My father and mother were farmers. They had been raised by farmers who had themselves been raised by farmers and so on back to Biblical days. They saw my talent for drawing only as a hobby until the age of seventeen, when I proposed that my major in college be an uneasy mixture of art and agriculture. They were dubious, but they were also good-natured sorts (Jilly takes after them) who only wanted the best for me. So they sent me, eldest of their two children, off to Indiana University.

Jilly, a late arrival to the family, was almost six years old at that point and consumed most of their attention, which I did not begrudge her. From the day she was born, she was a tiny, perfect addition to our household, and I loved her.

Three years later, on a rainy September afternoon, my parents died in a car accident and I returned home to the farm to take care of Jilly. A few townfolk felt I shouldn't be allowed to raise her by myself, but when I hit twenty-one a year later, that magic number at which you apparently become an adult, they stopped fussing.

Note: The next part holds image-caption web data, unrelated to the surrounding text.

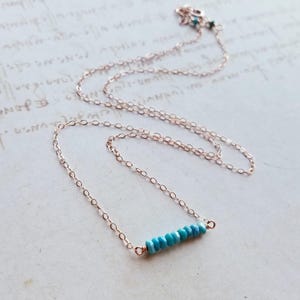 Dainty Turquoise Row Necklace, Sleeping Beauty Turquoise Bar, Minimalist Turquoise Necklace image 5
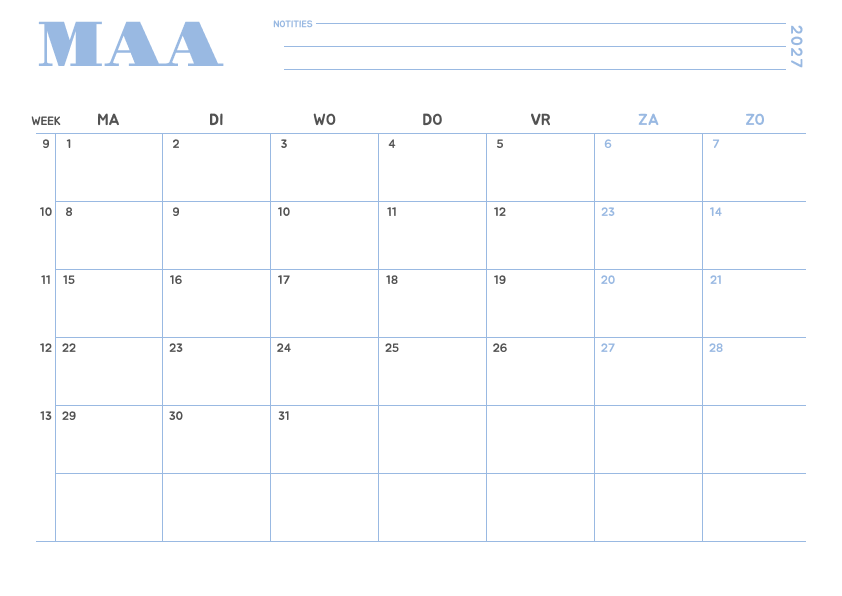Kalender maart 2027 Minimalistisch Hemelsblauw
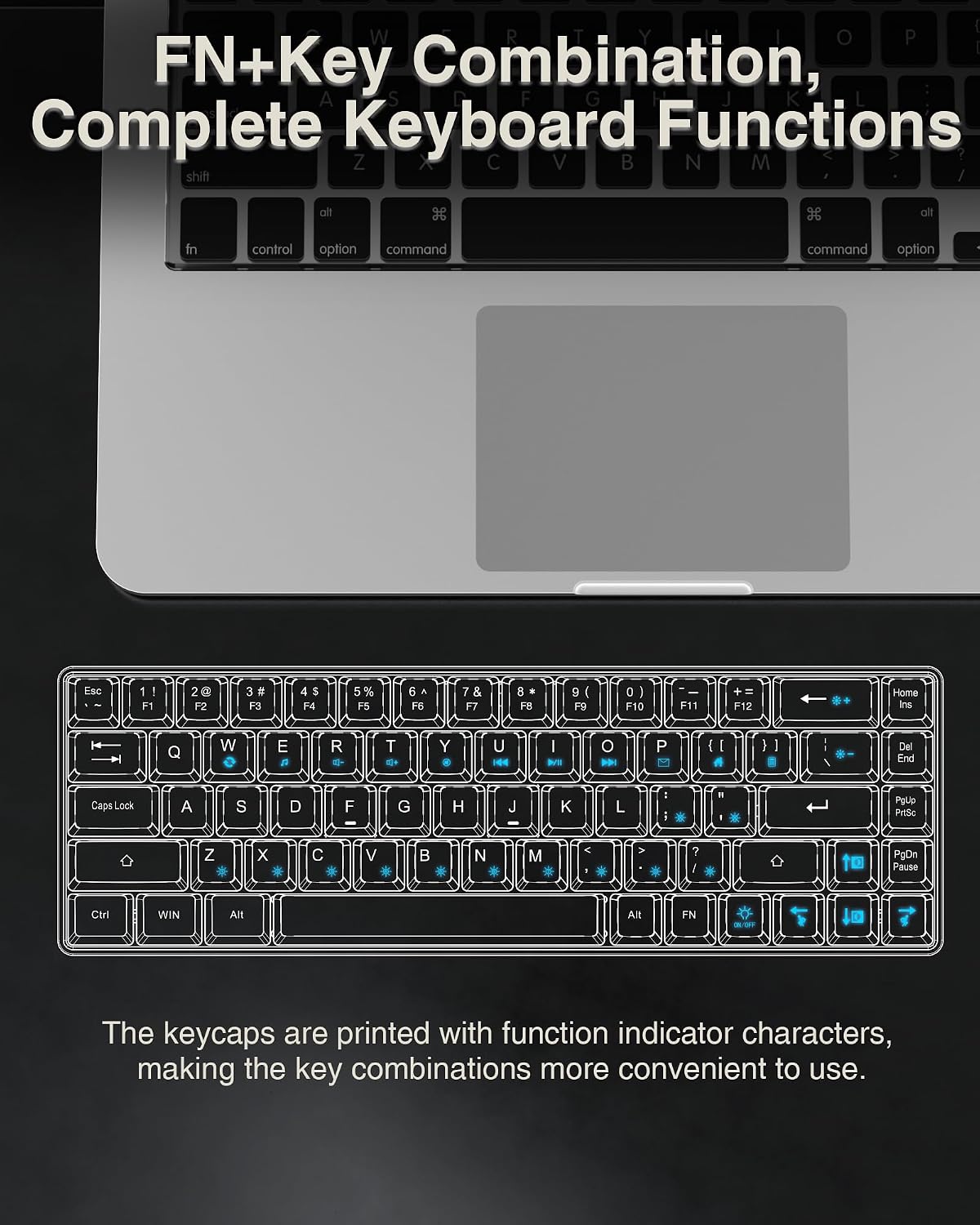 CORBOBO 60 Percent Keyboard,RGB Backlit Gaming Keyboard USB-C Wired,Portable 68 Keys Compact Mini Keyboards for Business Trips,Office,PC Games (SK968,Grey&Orange)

The insurance settlement provided enough to live on. It wasn't a lot, but I supplemented it by raising pigs and apples in the way my parents always had and taking them to Indianapolis. There the pigs were purchased by a plant that makes organic bacon, pork, and sausage, and the apples by a cider mill. I didn't mind the farm work. I'd get up in the morning, take care of things, and find myself a few hours in the afternoon to work in my barn-stall studio.

A year ago Jilly started getting stomach aches so bad they had her doubled over and crying. When I first took her to the hospital, they diagnosed it as Crohn's disease. Six months later, after I'd learned the vocabulary of aminosalicylates and corticosteroids and immunomodulators, they switched to a simpler word: cancer.